A number of advances have been reported by research teams around the world developing renewable hydrogen production systems that use tin.

According the International Energy Authority (IEA) hydrogen can “contribute decisively to solving the environmental problem and securing earth’s energy future”. It is the most abundant element in the universe and  when used as a fuel  has no emissions other than water vapor and heat. Hydrogen ‘fuel cells’ generate ultra-clean electricity as used in hydrogen buses for example. Key to unlocking this potential are equally clean hydrogen production processes and, of all the several possibilities, catalytic water splitting using renewable energy is widely viewed as the most desirable, if it can be achieved commercially.

Tin-based materials have some remarkable and relevant properties and scientists have been working for some time to use them in water splitting experiments, either using electricity (electrocatalysis) or sunlight (photocatalysis).
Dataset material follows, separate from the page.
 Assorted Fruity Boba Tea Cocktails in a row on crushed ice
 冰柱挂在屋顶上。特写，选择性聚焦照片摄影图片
US startup HyperSolar is already commercialising a photocatalytic tin-sulphur technology.

More than 50 scientific papers on tin have been published so far this year, with tin-sulphur systems continuing to attract most attention. This month a team in India used specially shaped ‘flower-like’ crystals of copper-tin-sulphur, a team in China found that using molybdenum with tin-sulphur ‘surprisingly’ improved efficiency and a second team in China achieved ‘among the best ever reported’ performance by adding silver to copper-zinc-tin-sulphur catalysts.

By 2050 it is predicted that hydrogen will account for 20% of global energy needs but there is a long way to go and many ways to get there. However tin has clearly made a good start towards a simple, ‘earth-abundant’ solution to an improved quality of life in the future.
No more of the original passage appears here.